He said the government wants to make sure that post-baby boomer generations are not left out in the cold.
“We have to have this dialogue now so people can plan for their retirement years, decades from now … if we don’t have discussion now, if we put it off and sweep it under the rug, the choices available to society 10 years from now are going to be a lot worse and that’s what you’re seeing in other countries around the world.”
Clement said there are at least 30 countries that have already made similar changes and the Canadian government has an obligation to make sure pension programs are sustainable for the future rather than creating a crisis situation years from now.
Critics have been calling any move to alter government financial support for seniors “political suicide” and reference Brian Mulroney’s failed attempt to open the dialogue in 1985 and Paul Martin’s similar debacle in 1996.
“Twenty years ago … we were 20 years farther away from a crisis point. Time is really not our friend right now. We either make some decisions now that are reasonable decisions ... the problem is when this issue comes up again it will be a very different and difficult set of decisions.”
Clement said the people calling his office tend to be over 60 and once they learn that they will not be personally affected by the changes being discussed, “people calm down and they concede that really in order to make sure the system is sustainable, you can’t just let things go. You have to face the reality of the situation.

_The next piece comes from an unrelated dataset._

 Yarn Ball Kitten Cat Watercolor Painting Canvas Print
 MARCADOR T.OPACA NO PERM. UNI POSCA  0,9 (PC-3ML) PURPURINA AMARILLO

That’s the dialogue I’ve been having with constituents on this matter.”
As pension reform is discussed, the issue of public sector pensions is at the forefront, particularly the pensions for retired members of Parliament, which kick in at age 55 and many of which amount to over $100,000 per year.
“When you’re talking about changing public sector pension plans, you can’t really talk about that without talking about options for the MP pension plans,” said Clement. He added that he has been tasked with coming up with options to the current pension program for members of Parliament for the upcoming federal budget.
“Whatever we decide to do will both have respect for the employee, in this case the MP or other public servants, and at the same time have respect for the taxpayer. That’s the balancing act.”